Why Intermittent Fasting is good for gut health
Why Intermittent Fasting is good for gut health
In the last ten years, the concept of intermittent fasting has really taken off. Studies show it supports healthy ageing, but it has also been found to help people manage their weight without “old-fashioned” dieting. But new research suggests that intermittent fasting also supports a healthy gut in several ways as I shall explain below.
Intermittent fasting has evolved into different styles. I do not believe in a calorie reduced “fast”. The one I recommend and incorporate into my life a couple of times a week is Time Restricted Eating, where there is a 14-16 hour window between meals. For me, I find it simple to skip breakfast so the “fast” is overnight.
Background to Fasting
Our genetic and metabolic make-up has not evolved with the speed of our dietary changes in the past 100 years. Our constant snacking culture is damaging to the digestive system, puts additional demands on the liver and creates an almost constant rise in blood glucose that our body then has to deal with. This goes way beyond a potential diabetes risk to increasing the risk of inflammatory conditions.
As hunter-gatherers, food was scarce. The concept of three meals a day did not exist!
Several studies have used the period of Ramadan, when there is no eating between sunrise and sunset, as a reliable way to gather data on the impact of intermittent fasting.
Recent studies by researchers from China and the Netherlands have found beneficial changes to the gut, including the gut microbiome and gut barrier.
The gut barrier as the foundation of a healthy gut
The epithelial lining of the gastrointestinal tract is replaced every four days due to the wear and tear it experiences with food constantly passing through. If you increase the frequency of food flowing through, this can potentially increase the cell turnover – in turn requiring additional nutrients to do so – that may not be available. Giving the gut a rest between meals and a longer rest overnight can help to repair this important gut mucosal barrier.

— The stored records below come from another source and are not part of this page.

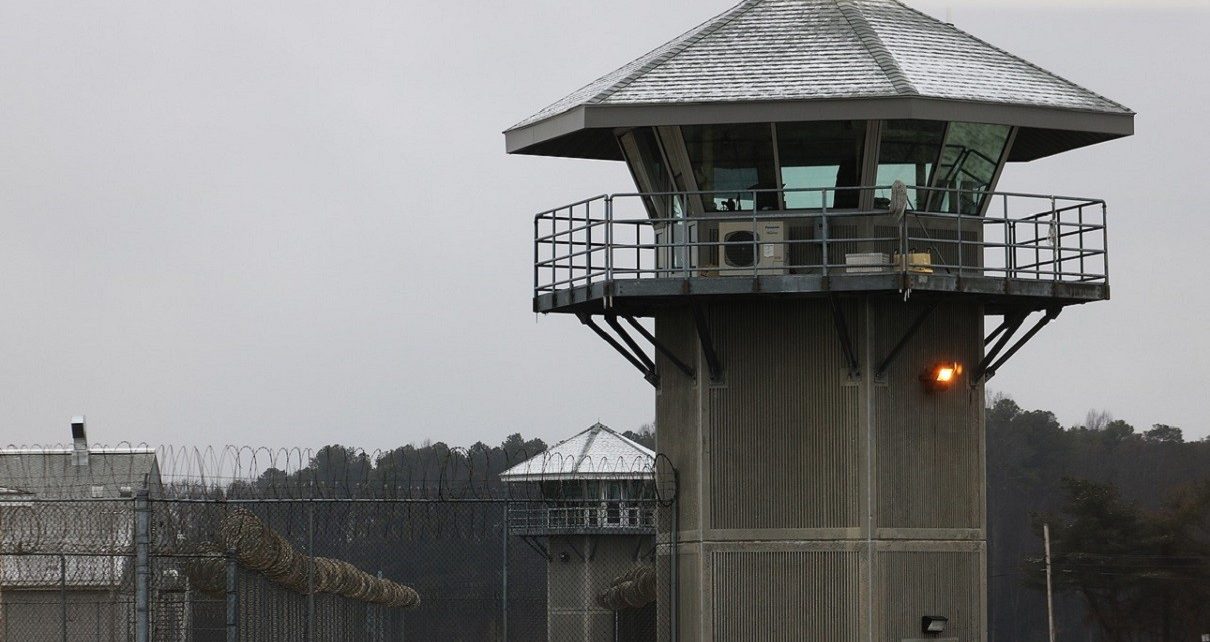 prison 4028830 1280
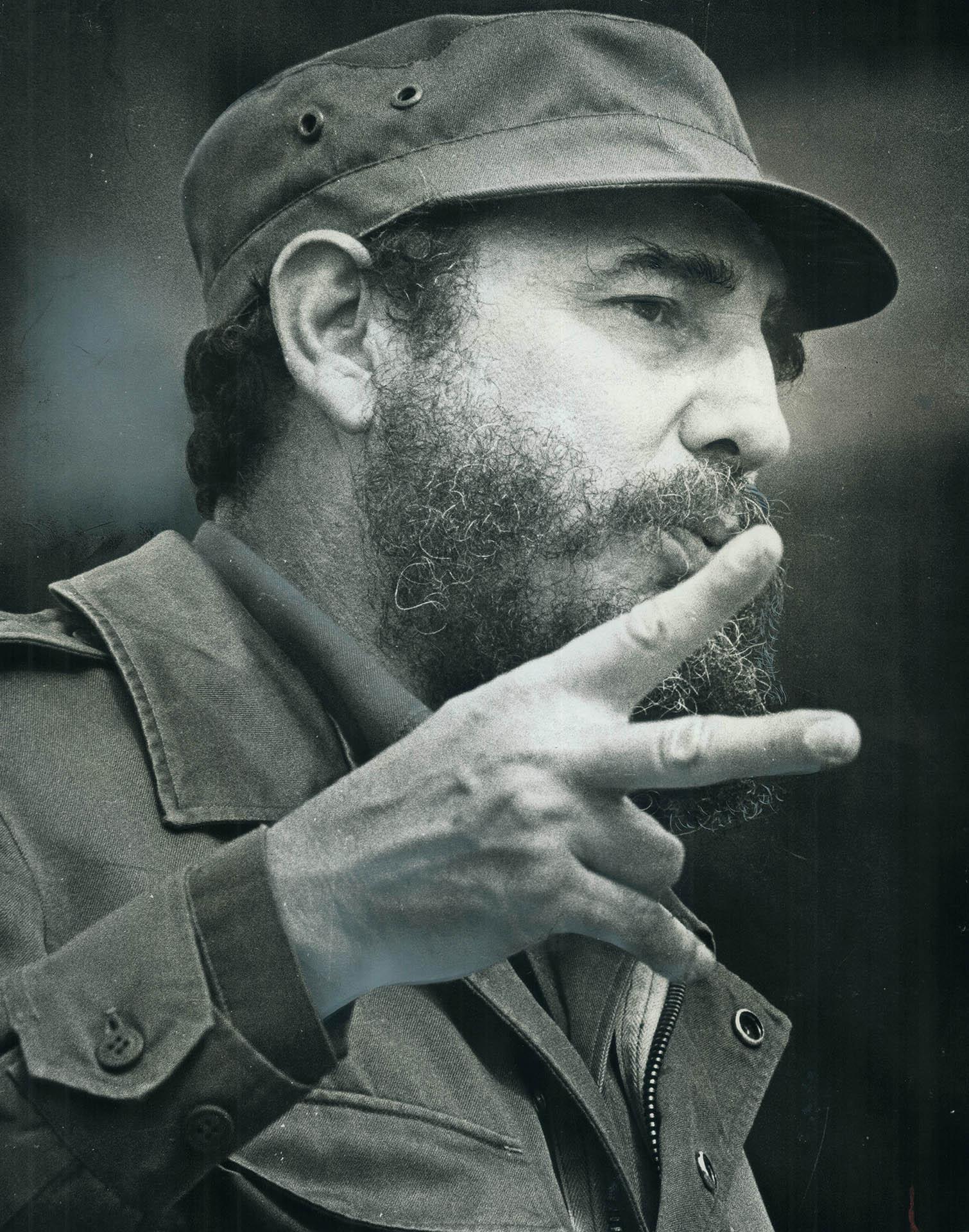 Castro Fidel Portraits Upto All Items Digital Archive Toronto Public Library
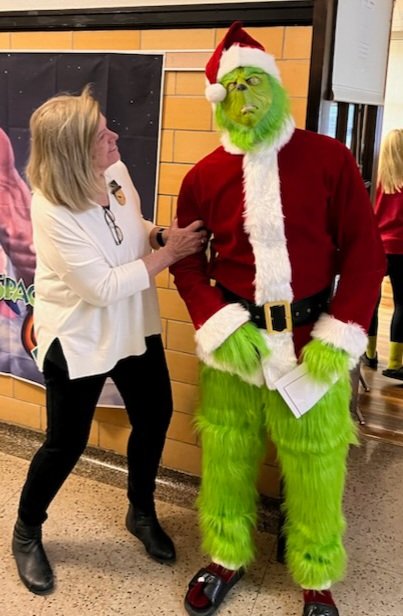 14janbailey's tweet photo. Today I had to save the students from the Grinch! It was scary! 😬 #fmsteach https://t.co/hUehG7qDvA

The gut mucosal barrier is where many of the essential gut bacteria live and thrive. They feed off the mucus layer.
The research found there were increases in some strains of beneficial bacteria that produce a compound called butyrate. This has many important roles.
The role of Butyrate
Butyrate is a well known fuel for other beneficial bacteria. As we know – these gut bacteria work synergistically together. They thrive as a community.
Butyrate also helps to support a strong and robust gut barrier. The concept of a “leaky” gut comes about due to damage to the gut epithelial cells and gaps can appear. This allows larger molecules to escape through to the blood stream like toxins or partially broken down food. Butyrate helps to support tight junctions between the cells.
Butyrate has important anti-inflammatory properties in the gut, moderating the immune response from going into over-drive. There are potential benefits for those with Inflammatory Bowel Disease to incorporate intermittent fasting for these reasons.
IBS and SIBO
People who experience bloating, discomfort and pain after eating may associate this with IBS, but it may be due to bacteria that are starting to multiply in the wrong place – the small intestines. SIBO – or small intestinal bacteria overgrowth – is now a recognised digestive concern by gastroenterologists.
Why does this bacterial overgrowth occur? 90 minutes after eating there is a sweeping like action, caused by strong contractions, sending the remaining post meal contents along the small intestines and down to the colon. It is known as the Migrating Motor Complex (MMC). It ensures that no debris, waste and bacteria are left behind. But this MMC only works between meals. So snacking hinders this process. If you fail to allow at least 90 minutes between eating, you are turning off the essential gut process.
In addition to avoiding snacking, the longer fasting period overnight also enables this process to be carried out more effectively.
How to incorporate Intermittent Fasting into your Life
Use the Time Restricted (TRE) eating model of an extended overnight fast. Start by adding one extra hour between the evening meal and breakfast. For example, if dinner is 8pm and breakfast is at 8am, move breakfast to 9am OR dinner to 7pm! Try and add an extra hour every few days until you reach a maximum of a 16 hour “fast” between these meals.
Try to eat a balanced lunch with protein and good fats that can sustain you until dinner. Or, have one small snack (such as a handful of nuts) at least three hours after lunch, not before. It is not necessary to do TRE every day, 2 -3 times each week is sufficient.